| PROBLEM DESCRIPTION |
Although the entries contain pictures, copy only their text, exactly as written.

[Records excerpted from a collection]
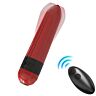 Vibromasseur ARMONY Rocket avec télécommande et 9 modes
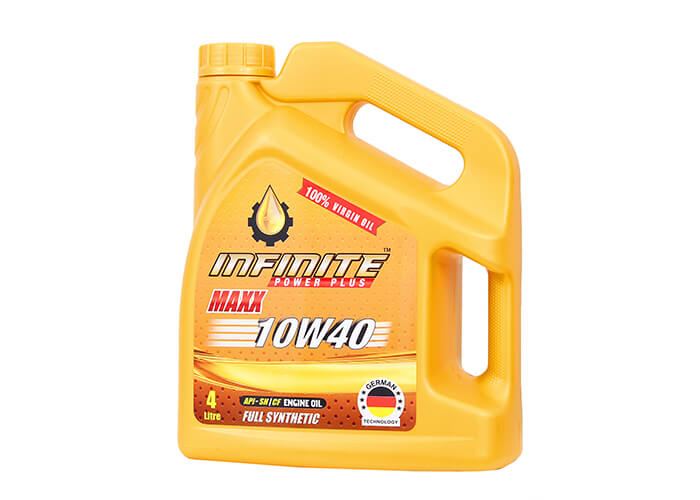 Engine Oil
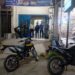Babinsa Koramil 10/TM Patroli Malam Guna Mewujudkan wilayah Yang Aman Dan Kondusif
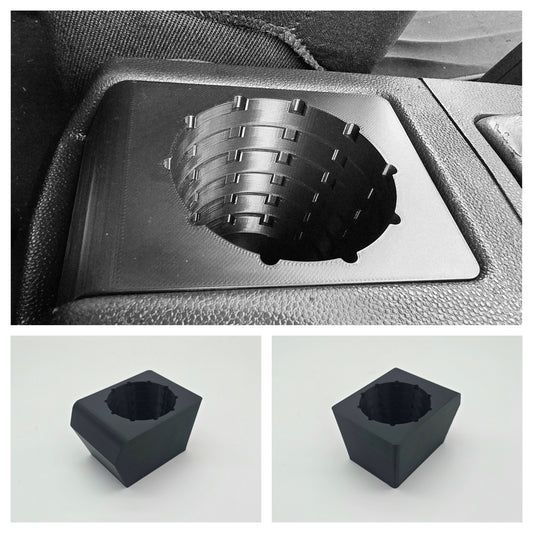 Opel Astra H Getränkehalter Cupholder Dosenhalter Becherhalter
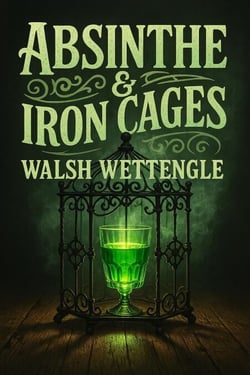 Absinthe &amp; Iron Cages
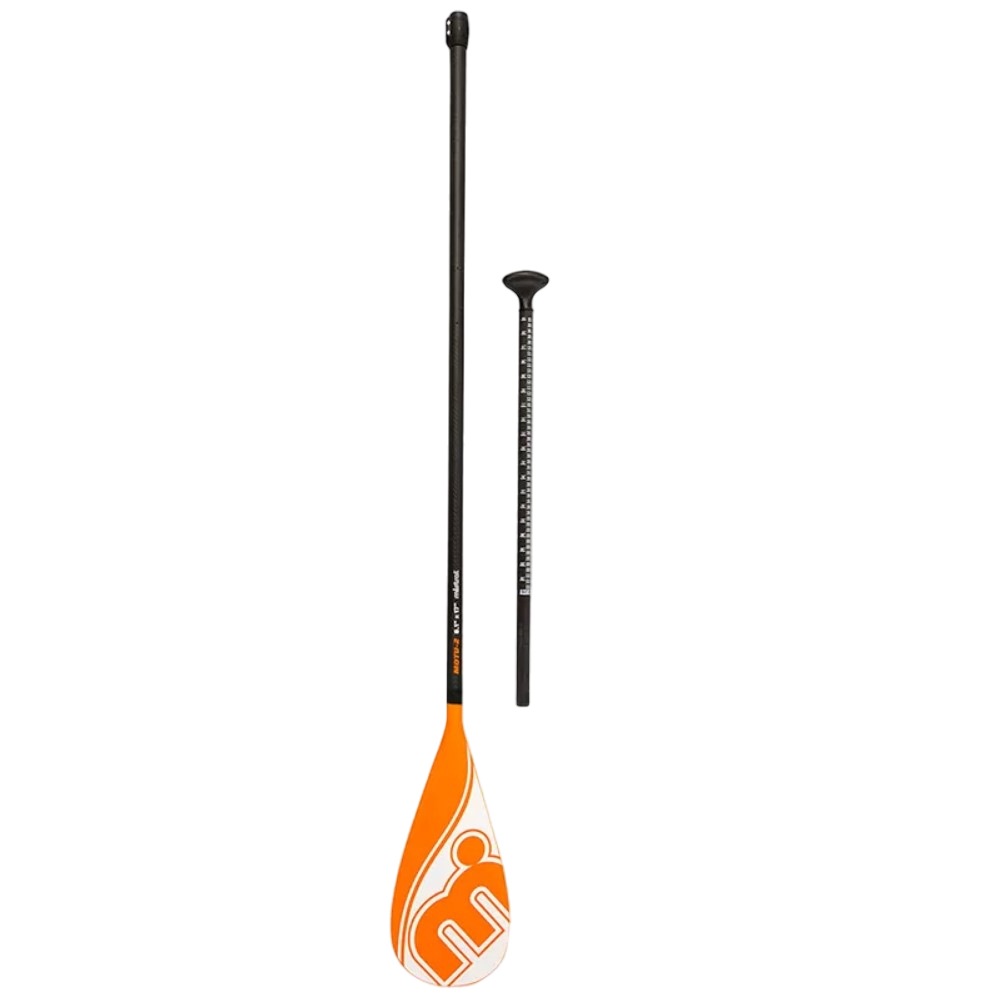 Весло для MISTRAL SUP MOTU ORANGE PADDLE - 2PCS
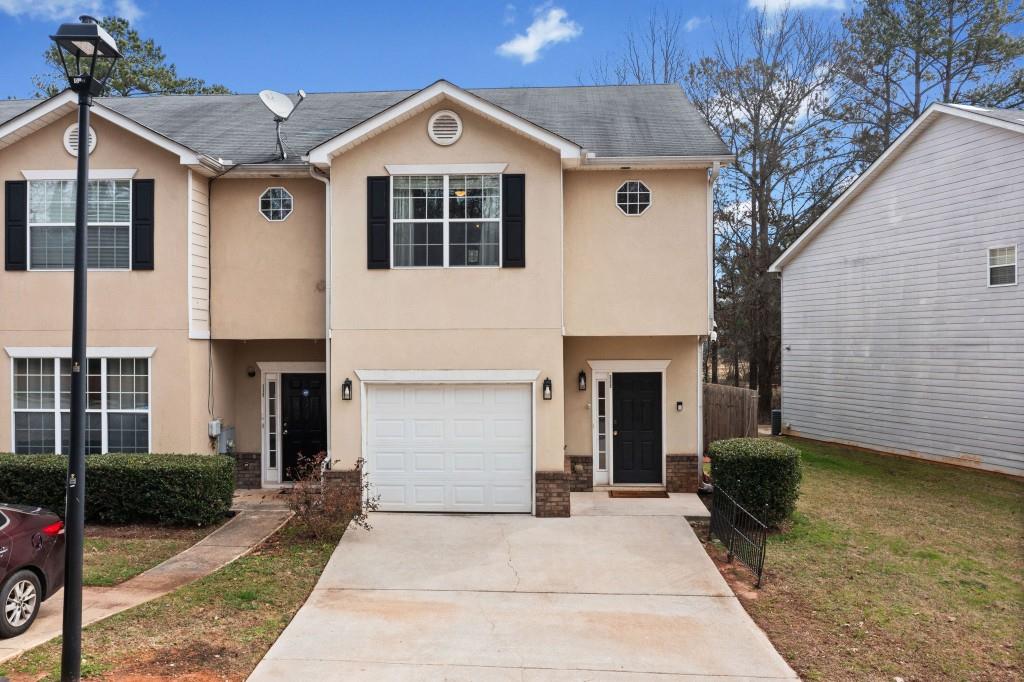 2322 Coach Way, Jonesboro, Georgia image 1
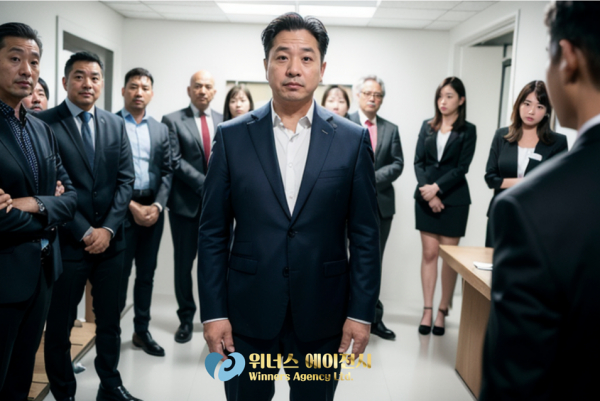 필리핀, 베트남 VIP투어 여행 에이전시 위너스 에이전시, 프리미엄 케어 서비스 진행
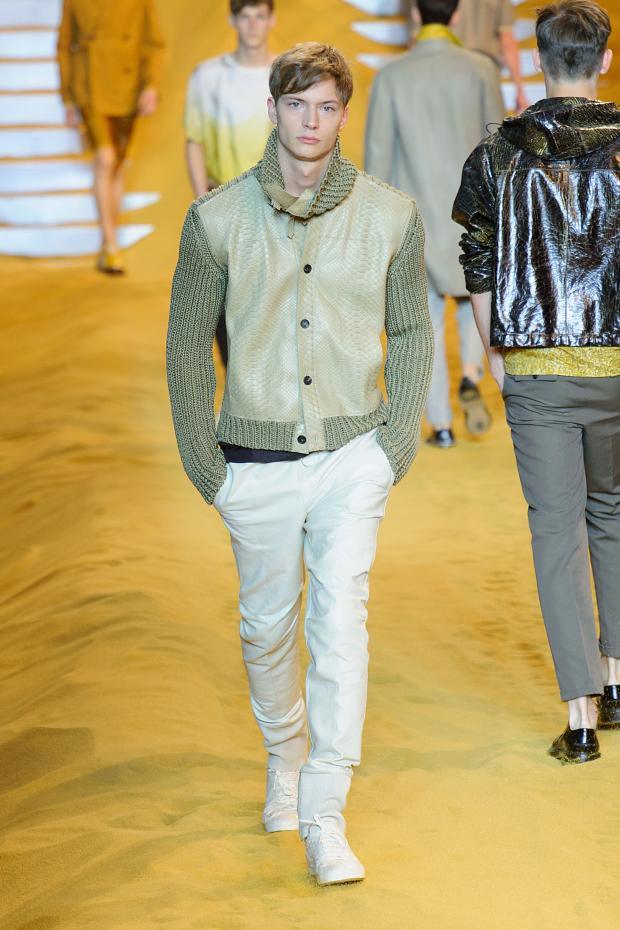 芬迪 (Fendi) 2014春夏男装秀11.jpg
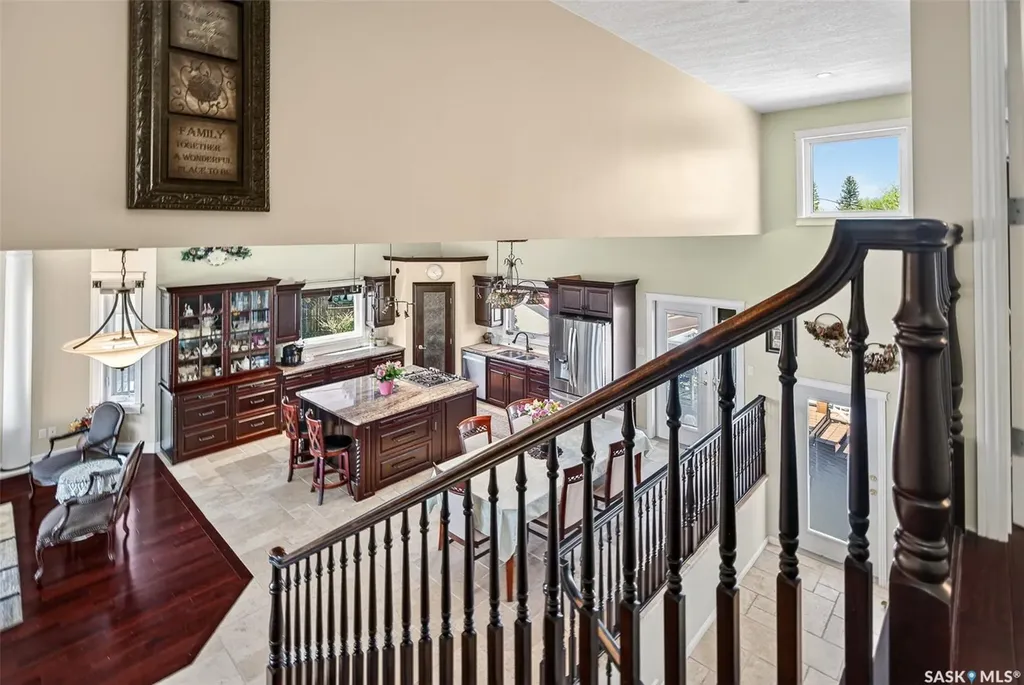 646 Keith Crescent Moose Jaw SK S6H 5P9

| ANSWER |
 Vibromasseur ARMONY Rocket avec télécommande et 9 modes
 Engine Oil
Babinsa Koramil 10/TM Patroli Malam Guna Mewujudkan wilayah Yang Aman Dan Kondusif
 Opel Astra H Getränkehalter Cupholder Dosenhalter Becherhalter
 Absinthe &amp; Iron Cages
 Весло для MISTRAL SUP MOTU ORANGE PADDLE - 2PCS
 2322 Coach Way, Jonesboro, Georgia image 1
 필리핀, 베트남 VIP투어 여행 에이전시 위너스 에이전시, 프리미엄 케어 서비스 진행
 芬迪 (Fendi) 2014春夏男装秀11.jpg
 646 Keith Crescent Moose Jaw SK S6H 5P9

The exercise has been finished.